This was the subject of at least three blog posts worth reading. The New York Times post falls furthest from the mark, but I include it for the sake of comparison. I don’t think the question is the right one. Nor is “is Clinton racist?” The question for me is, how has Clinton taken advantage of racist dynamics in the past, and did that trend continue in 08?

Ok. That doesn’t really work as a sound bite, but bear with me.

When Reagan ran off two victories in a piss-poor economy, touting policies that went against his base’s own economic interests, folks were trying to understand why.

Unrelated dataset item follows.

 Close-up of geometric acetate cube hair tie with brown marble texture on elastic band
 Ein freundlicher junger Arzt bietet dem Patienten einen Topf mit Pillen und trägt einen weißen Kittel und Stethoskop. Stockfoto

Democratic strategists held focus groups in Sterling Heights Michigan at Lakeside mall, trying to get “Reagan Democrats” to chime in.

And chime in they did, blaming everything on blacks–their own economic circumstances, the state of the country, their vote for Reagan. In response, strategists burned the report…and they argued that the Democrats should move to the center and should de-emphasize issues that make it appear as if they are coddling “special interests” (i.e. blacks). The Edsall’s book Chain Reaction as well as Paul Frymer’s Uneasy Alliance are important.

In the 1992 race we see Clinton do two things to indicate he wasn’t beholden to blacks. He interrupted his campaign in order to attend Ricky Ray Rector’s state-sponsored murder, in order to diffuse criticisms that he was soft on crime. And he misinterpreted Sistah Souljah’s words at the annual Rainbow Push Convention, in order to decry Jesse Jackson and “black racism” in one fell swoop.

After he was elected he appointed more African Americans to appointed positions than anyone before him. But he also repealed welfare, reproducing racist imagery of African American women in so doing, and derailed Lani Guinier’s appointment as Assistant Attorney General when the GOP labelled her as a “quota queen.” Finally more black men went to prison under his watch than under any other presidency, with Clinton giving at least one speech in a black church blaming black people for the crime wave.

At a number of critical moments in Clinton’s career, he used racist ideas about blacks to increase his support, and to decrease the ability black people should have as citizens to make claims of the government. Now with some of those incidents, blacks helped him. A number of prominent black legislators supported welfare repeal. And black legislators supported the crime legislation he wanted passed. And there were probably some blacks who felt that Jesse Jackson’s role as supposed kingmaker was bad for black people (count me as being among this group).

But yet and still, taking Clinton’s history into account it should be clear that Clinton hasn’t been as “racially innocent” as he would like people to think he is. And in ignoring the history here, people are missing an opportunity to ask a much more interesting set of questions.